Quando os “coxinhas” (a denominação coxinha surgiu entre os ativistas mais “profissionais”) saíram à rua na segunda-feira 17, tudo era diferente. A bandeira do passe-livre já não era o centro das demandas: agora, tudo era motivo para protesto, ou seja, o estado da nação. Apesar da bagunça, é possível resumir tudo numa ideia principal: a população nas ruas não se sente representada pelo sistema político atual – dada a rejeição aos partidos políticos durante as manifestações – e discorda de quase tudo que o governo faz em vários níveis. O fisiologismo, o loteamento do poder pelo apoio político, a corrupção, a legislação em causa própria, o descaso com as demandas reais da população, a atuação política pelo motivo único de ganhar mais poder político, tudo isso parece ser a força motriz desse movimento mais geral. Essa população que compareceu em massa às ruas não está à esquerda do PT, como os manifestantes iniciais. São, sim, representantes da classe média e classe alta que vocalizam um descontentamento “burguês”, sem ideologia, pragmático, que exige que o governo faça o trabalho para o qual foi designado e use melhor o dinheiro recolhido com a maior carga tributária do mundo. É possível que nem representem a maioria do eleitorado, seduzido por novas esmolas do governo Dilma, como o programa “Minha Casa Melhor”, estrategicamente lançado nos comerciais da copa das confederações. Mas a burguesia mostra-se muito descontente, como atestam as vaias que Dilma recebeu na abertura daquela mesma copa.
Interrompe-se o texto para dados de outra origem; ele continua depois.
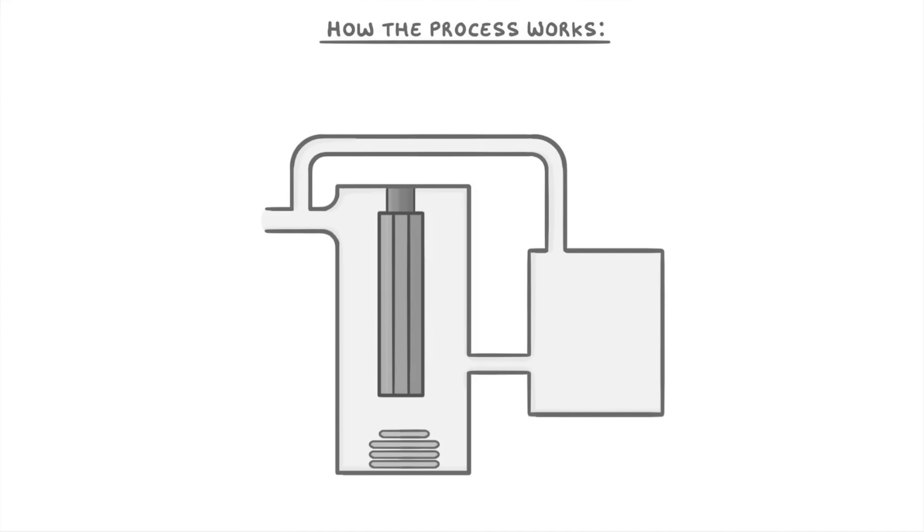The next thing we need to look at is how the process works, and for that it's helpful to use a diagram of the machines that they use. It doesn't look quite like this in real life, but the basic idea is the same. The first step is to take the hydrogen and nitrogen that we're using as reactants and feed them into the top left of the machine, where they can mix together.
O significado numérico e eleitoral disso é difícil de discernir-se. Mas foi suficiente para deixar atônita toda a classe política. De que pelo menos uma parcela significante e vocalizada da população perdeu a paciência. Quer ver mudança. Quer ver resultado administrativo. Como fazê-lo? Com uma mudança profunda no sistema político. Moldar um sistema que não garanta a impunidade da classe política. Que coíba a legislação em benefício próprio. Que instituía mecanismos de controle da corrupção, e não o contrário – vide a injustificável PEC 37. Que institua mecanismos de produtividade da classe política, obrigando-os a produzir soluções para as demandas da população.
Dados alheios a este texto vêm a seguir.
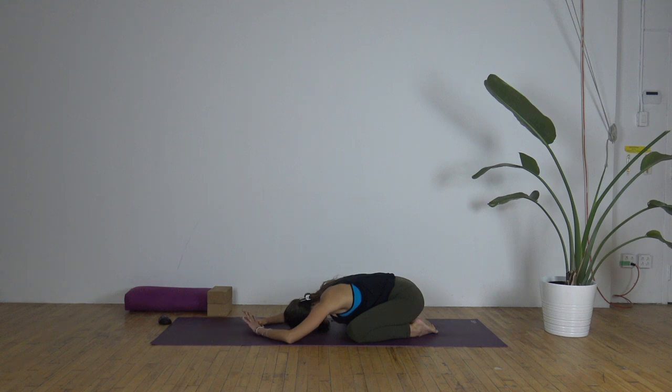You can find stillness here and stay where you are, or if you'd like, you can start to rock and sway from side to side and gently massage the forehead center back and forth, side to side — whatever feels better for you as you continue to smooth out the breath.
Temos como realizar tamanha tarefa? É possível que não, infelizmente. Mantidas as exceções individuais que só atestam a regra, o que vemos é um executivo corrupto e entregue aos aliados escorpiônicos, um legislativo leniente, corrupto e fisiológico, um judiciário ora rígido (como nas condenações do mensalão), ora auto indulgente (aprovação dos novos TFRs) ou mesmo complacente (o prazo de análise dos recursos do próprio mensalão), a falta de vergonha nacional da classe política, que aderiu ao pragmatismo fisiológico sem maiores preocupações com a opinião pública, e transformou todo ano em ano eleitoral... É difícil imaginar que estes mesmos atores vão realizar cortes na própria carne, estoicamente, puramente para cumprirem os deveres que aviltam há décadas, de maneira progressivamente mais grave.

Por outro lado, a novidade é que parte da população parece ter realmente acordado para estas realidades, e mostram seu descontentamento e impaciência, mesmo que de forma aparentemente desorganizada. Vai ser interessante ver o que isso produz. Vou torcer para que produzam um processo de mudança no sentido de recuperarem-se as instituições republicanas, os partidos e os políticos. Isso depende basicamente de uma atitude destes mesmos políticos. E vou torcer contra a continuidade do processo de desmoralização do Estado. Porque este tipo de desmoralização, com a desconfiança da população em relação às instituições, abre muito espaço para o autoritarismo, coisa que o país não quer ver novamente.